Q: Are there future plans to add additional hard surface flooring products?
A: We’re always looking at ways to give our Beaulieu dealers product advantages, so stay tuned, Kemp.
Q: Before coming to Beaulieu America, you spent five years at Beaulieu Canada. Explain the relationship between these two companies.
A: Beaulieu America is owned by Carl Bouckaert and Mieke De Clerck and their children: Nicolas, who heads up the commercial business; Stan, who heads up the LVF launch; and Stephanie and Nathalie, who are not involved in the day-to-day business but sit on the board. Beaulieu Canada and Beaulieu Australia are 100% owned by Mieke, as is Marglen Industries, the PET recycling facility in Rome, Georgia.
Beaulieu America and Beaulieu Canada are working more closely today than they ever have before. Both companies are strong and benefit from the closer relationship. Knowing both as I do, it’s exciting to see the collaboration and potential for all of North America. Keep in mind, however, that a big part of our success on an international scale is the understanding that people want to do business with people in their own country. So that will never change.
Q: How does doing business in the U.S. differ from what you experienced in Canada?
A: Well, Canada is about 10% the size of the U.S. population-wise, so naturally our Canadian division and market is smaller than its American counterpart. In Canada, however, we have a more dominant market position than in the U.S., primarily due to two things: we are viewed as the local major player and have a broader product line.
Q: How important is it for the consumer to know who Beaulieu is? And what are you doing to raise that awareness?

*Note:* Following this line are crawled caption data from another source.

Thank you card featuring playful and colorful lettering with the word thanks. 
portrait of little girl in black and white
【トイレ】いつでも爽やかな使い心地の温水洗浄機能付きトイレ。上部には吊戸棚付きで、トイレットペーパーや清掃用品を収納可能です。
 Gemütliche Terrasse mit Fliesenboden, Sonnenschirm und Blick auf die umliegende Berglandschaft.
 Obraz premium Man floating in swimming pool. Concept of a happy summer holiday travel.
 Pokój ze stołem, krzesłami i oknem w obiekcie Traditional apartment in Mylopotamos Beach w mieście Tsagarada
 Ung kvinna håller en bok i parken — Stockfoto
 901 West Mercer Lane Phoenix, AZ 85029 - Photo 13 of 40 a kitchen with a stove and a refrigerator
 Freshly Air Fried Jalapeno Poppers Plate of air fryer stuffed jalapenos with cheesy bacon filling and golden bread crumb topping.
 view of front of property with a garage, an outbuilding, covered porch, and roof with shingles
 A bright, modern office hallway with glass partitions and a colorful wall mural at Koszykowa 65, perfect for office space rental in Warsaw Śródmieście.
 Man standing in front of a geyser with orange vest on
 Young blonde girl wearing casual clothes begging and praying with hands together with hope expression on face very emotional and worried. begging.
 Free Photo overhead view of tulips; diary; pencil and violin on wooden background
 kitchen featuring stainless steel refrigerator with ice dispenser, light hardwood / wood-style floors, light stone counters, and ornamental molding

A: As you know, floorcovering remains by and large a directed sale at the retail level, so pouring millions into consumer advertising—and sustaining that year after year—is problematic. However, the consumer is very important to us, as is the dealer who sells our product, so our first priority is a great product experience that generates repeat purchase and positive word of mouth. We are also in the final stages of launching an entirely new website, so we plan to be very visible online where the consumer is looking for floorcovering answers. Other marketing plans are in the works, but I’ll leave that for our new CMO, Mike Amburgey.
Q: How does Beaulieu compete in a consolidated marketplace where your two biggest competitors have so much more market presence?
A: We find that our dealers want options and alternatives for their customers. And they and their customers like the innovative selections we have that others don’t—innovations like Magic Fresh odor reducer, Silver Release anti-microbial treatment, Wrinkle Guard backing for our carpets, and our full selection of coordinated color and style transitions for our LVF line.
Q: How important is international business to Beaulieu’s future?
A: Very important. As you know from your recent interview at Domotex with Joe Williams, our head of international sales, we plan to double our exhibit space there next year. Our close collaboration with Beaulieu Canada is another important indication. While the U.S. is obviously very important to us, we definitely have a global perspective. To Beaulieu, every continent but Antarctica is important.
Q: What do you enjoy when you’re not working?
A: I have a wife and three kids: a daughter who’s 16, a son who’s 14 and a son who just turned eight. They attend the international school in Atlanta. They speak four languages already, and we all really enjoy travel. It’s part of the Belgian genes; we really like to get out there and see the world when time allows.
In addition, two of my children enjoy tennis, so on the weekends we love to spend time on the courts.